CONLSQ Function (PV-WAVE Advantage)
Computes a least-squares constrained spline approximation.
Usage
result = CONLSQ(xdata, fdata, spacedim, constraints[, nhard])
Input Parameters
xdata—One-dimensional array containing the abscissas of the least-squares problem.
fdata—One-dimensional array containing the ordinates of the least-squares problem.
spacedim—Linear dimension of the spline subspace. It should be smaller than the number of data points and greater than or equal to the order of the spline (whose default value is 4).
constraints—Array of structures containing the abscissas at which the fit is to be constrained, the derivative of the spline that is to be constrained, the type of constraints, and any lower or upper limits.
note | To enable double precision, use double precision for all floating-point values in the constraints array of structures. |
A description of the structure fields is in the table below.
XVAL—Point at which fit is constrained (float).
DER—Derivative value of the spline to be constrained (long int).

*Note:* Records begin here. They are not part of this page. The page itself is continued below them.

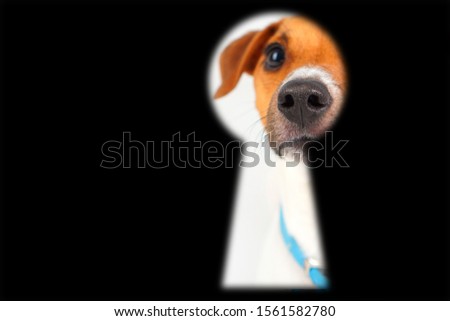 Dog guards the house concept with door keyhole and portrait of looking Jack Rusell dog.  Pet dog stay at home and watch. Copy space. 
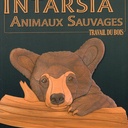 Médaillon tête ours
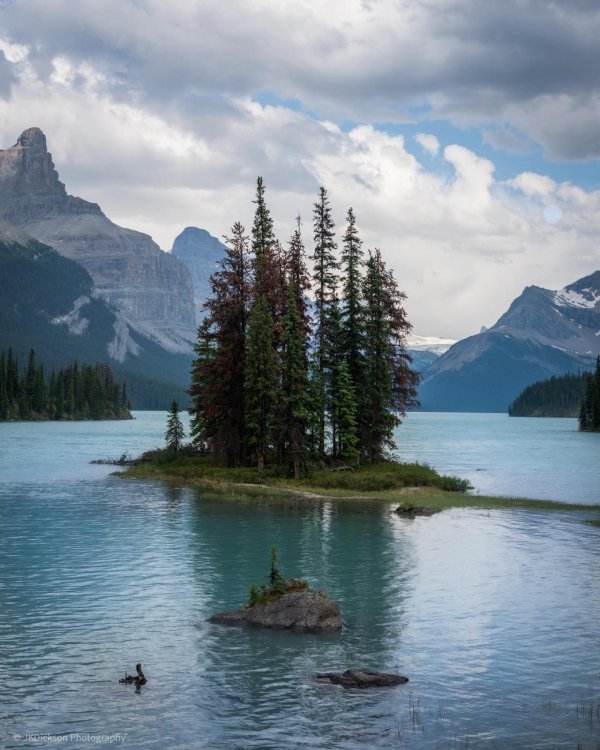 озеро малайн парк джаспер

TYPE—Types of the general constraints (long int).
BL—Lower limit of the general constraints (float).
BU—Upper limit of the general constraints (float).
note | To constrain the integral of the spline over the closed interval (c, d), set constraints (i).XVAL = c and constraints (i + 1).XVAL = d. For consistency, insist that constraints (i).TYPE = constraints (i + 1).TYPE = 5, 6, 7, or 8 and c ≤ d. |
For more information on the allowed values of constraints.TYPE, refer to the Discussion of CONLSQ.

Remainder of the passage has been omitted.